Work to complete: Make a verbatim copy of all the records. Skip every image.

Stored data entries
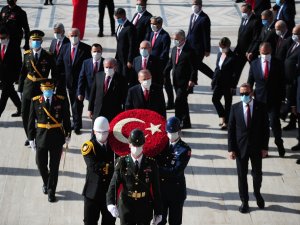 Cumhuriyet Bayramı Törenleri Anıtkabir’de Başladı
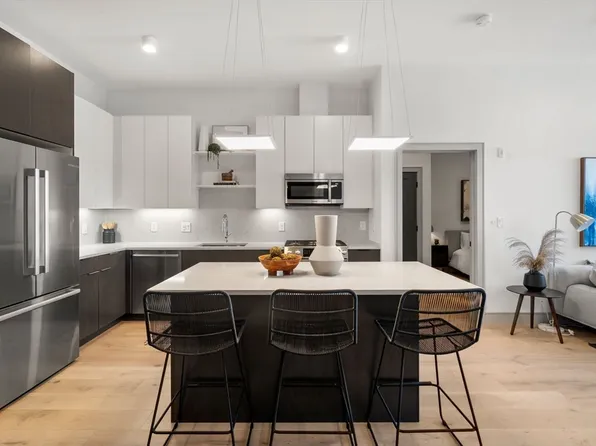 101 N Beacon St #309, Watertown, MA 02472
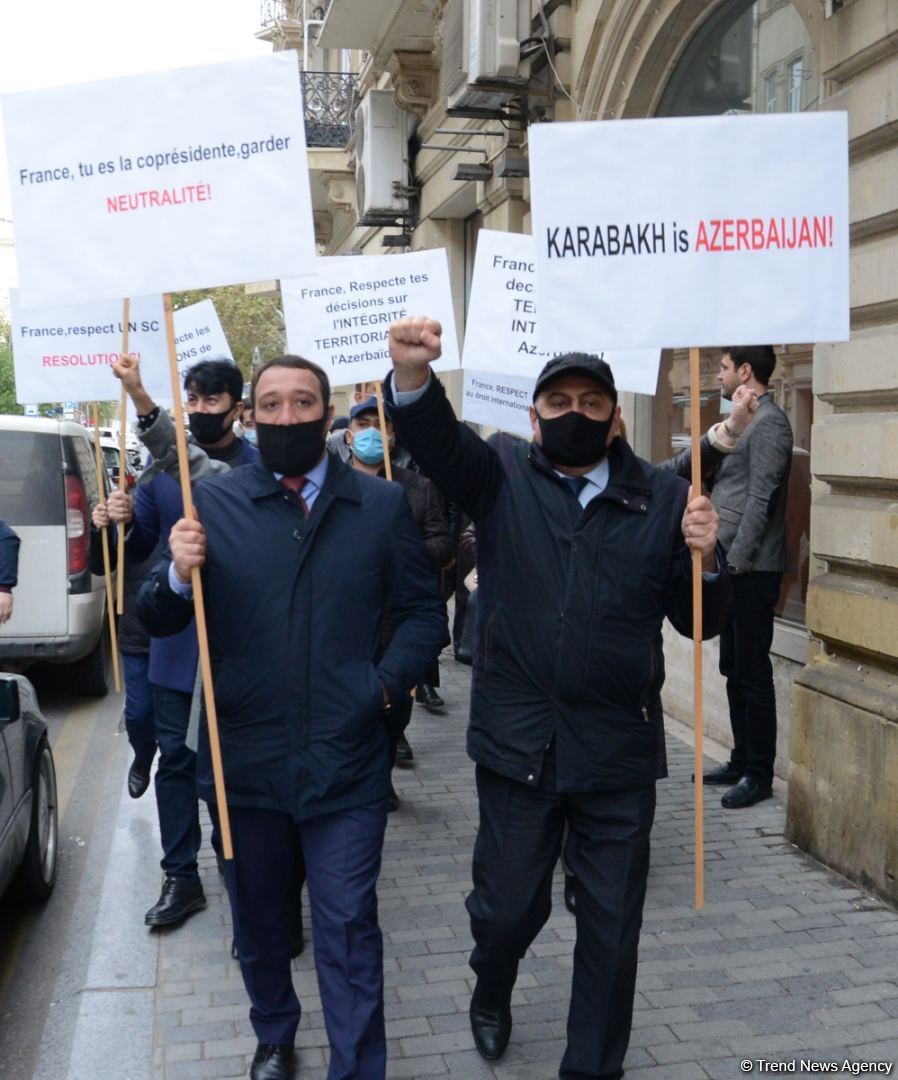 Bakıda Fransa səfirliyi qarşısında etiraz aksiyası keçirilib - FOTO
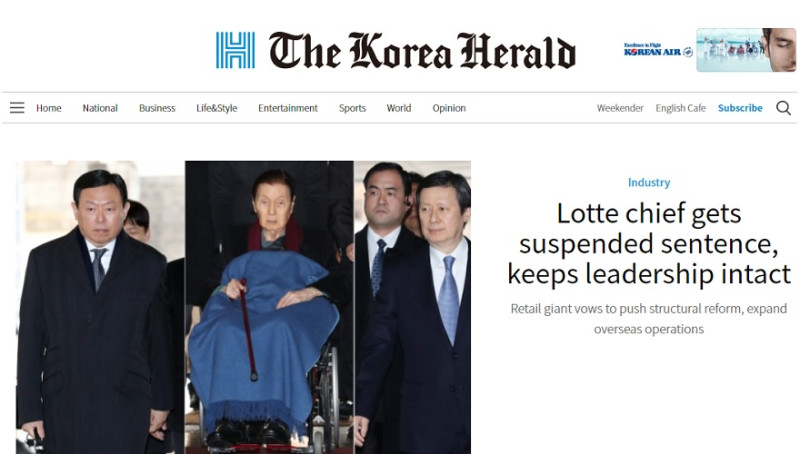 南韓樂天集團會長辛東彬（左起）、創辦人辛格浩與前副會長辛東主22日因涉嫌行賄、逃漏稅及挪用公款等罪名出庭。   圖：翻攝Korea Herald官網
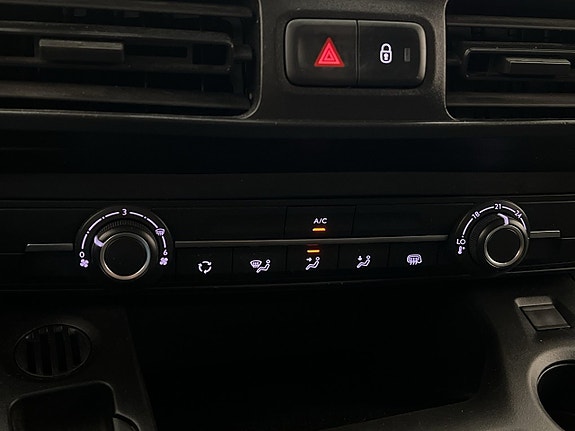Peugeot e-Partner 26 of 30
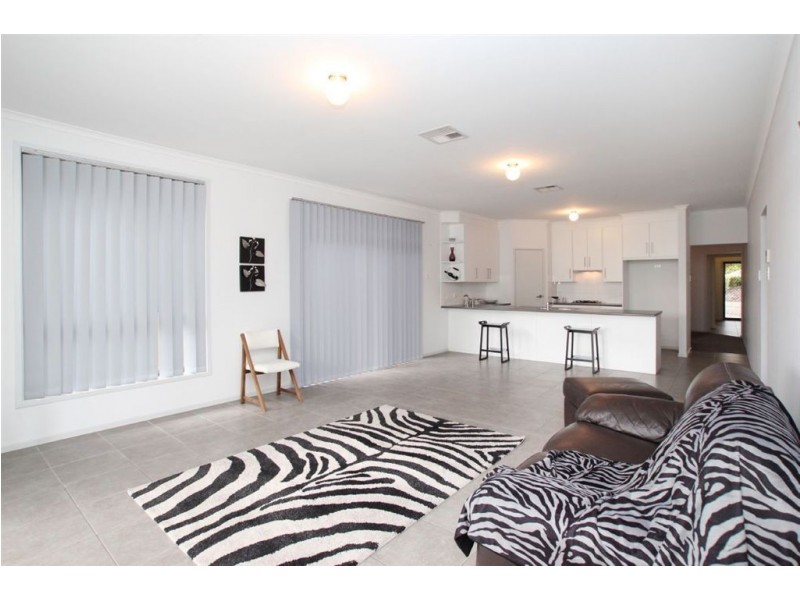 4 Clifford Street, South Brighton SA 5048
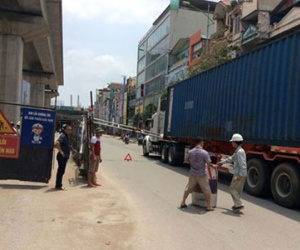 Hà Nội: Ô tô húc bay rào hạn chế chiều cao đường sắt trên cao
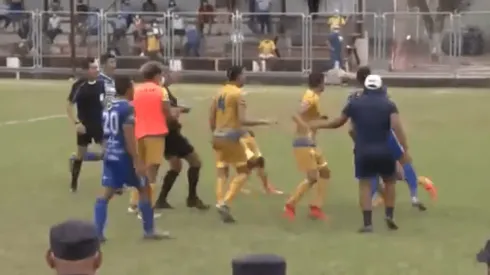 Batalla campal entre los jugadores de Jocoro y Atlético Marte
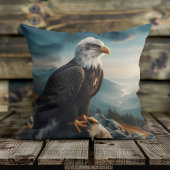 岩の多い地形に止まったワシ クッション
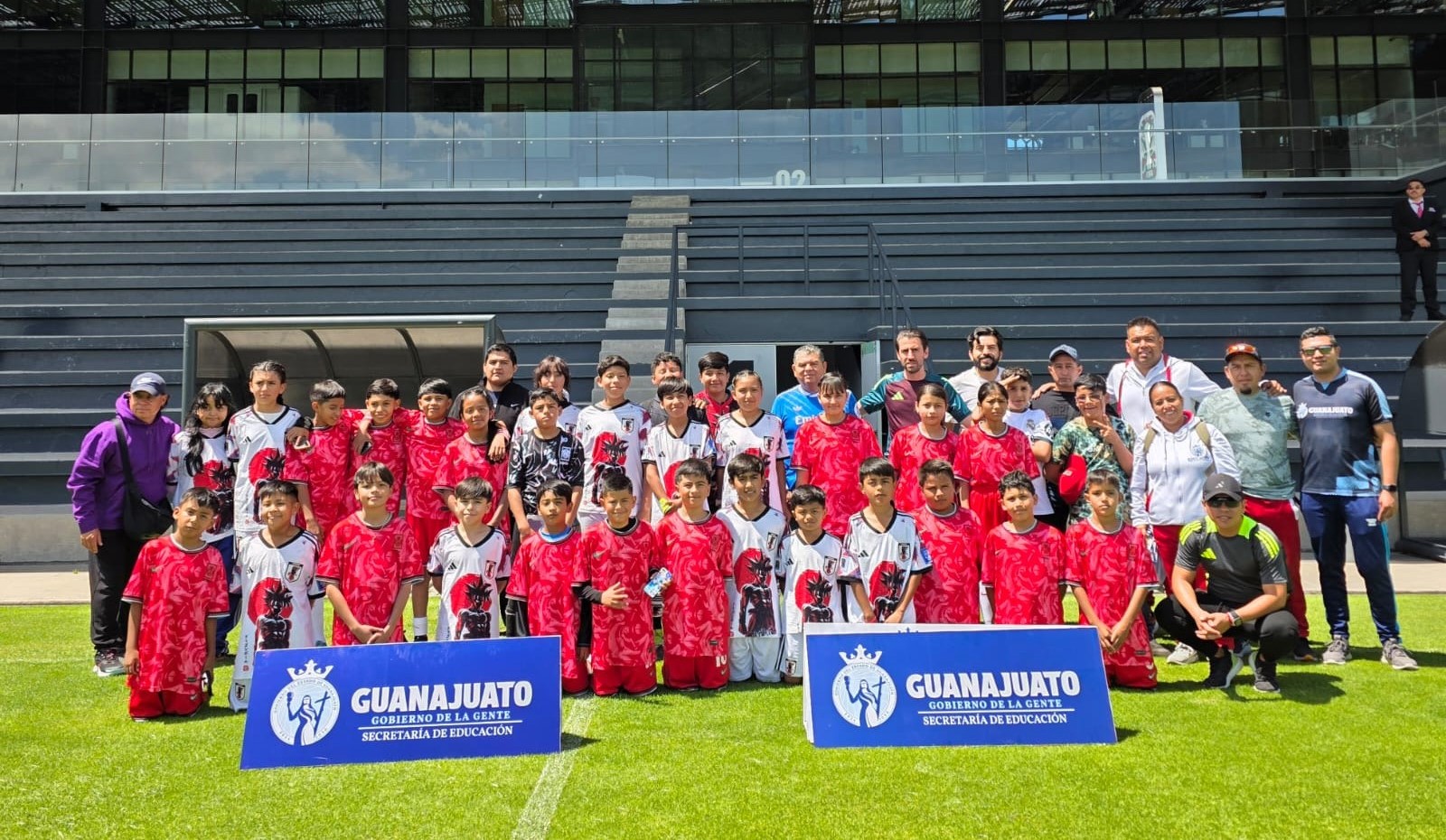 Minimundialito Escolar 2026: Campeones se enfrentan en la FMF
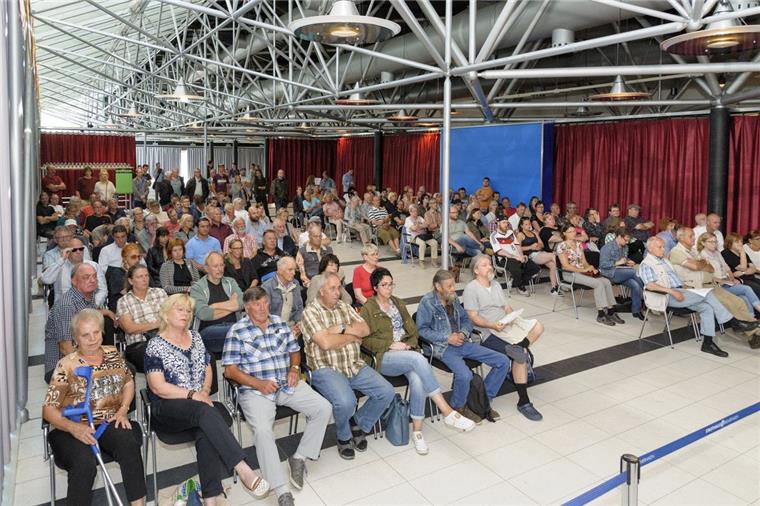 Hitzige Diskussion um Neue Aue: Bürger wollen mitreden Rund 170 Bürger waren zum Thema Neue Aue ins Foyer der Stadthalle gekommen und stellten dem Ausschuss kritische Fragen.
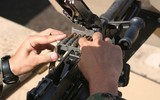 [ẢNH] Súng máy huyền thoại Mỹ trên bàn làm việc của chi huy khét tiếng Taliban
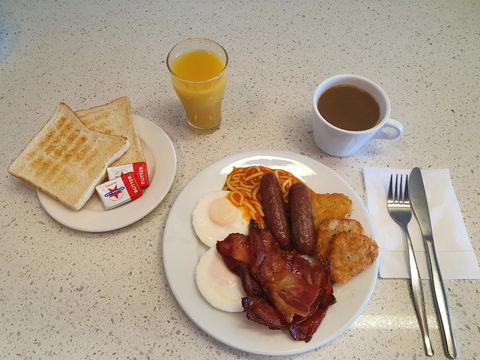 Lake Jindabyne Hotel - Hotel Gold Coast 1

Final answer:
 Cumhuriyet Bayramı Törenleri Anıtkabir’de Başladı
 101 N Beacon St #309, Watertown, MA 02472
 Bakıda Fransa səfirliyi qarşısında etiraz aksiyası keçirilib - FOTO
 南韓樂天集團會長辛東彬（左起）、創辦人辛格浩與前副會長辛東主22日因涉嫌行賄、逃漏稅及挪用公款等罪名出庭。   圖：翻攝Korea Herald官網
Peugeot e-Partner 26 of 30
 4 Clifford Street, South Brighton SA 5048
 Hà Nội: Ô tô húc bay rào hạn chế chiều cao đường sắt trên cao
 Batalla campal entre los jugadores de Jocoro y Atlético Marte
 岩の多い地形に止まったワシ クッション
 Minimundialito Escolar 2026: Campeones se enfrentan en la FMF
 Hitzige Diskussion um Neue Aue: Bürger wollen mitreden Rund 170 Bürger waren zum Thema Neue Aue ins Foyer der Stadthalle gekommen und stellten dem Ausschuss kritische Fragen.
 [ẢNH] Súng máy huyền thoại Mỹ trên bàn làm việc của chi huy khét tiếng Taliban
 Lake Jindabyne Hotel - Hotel Gold Coast 1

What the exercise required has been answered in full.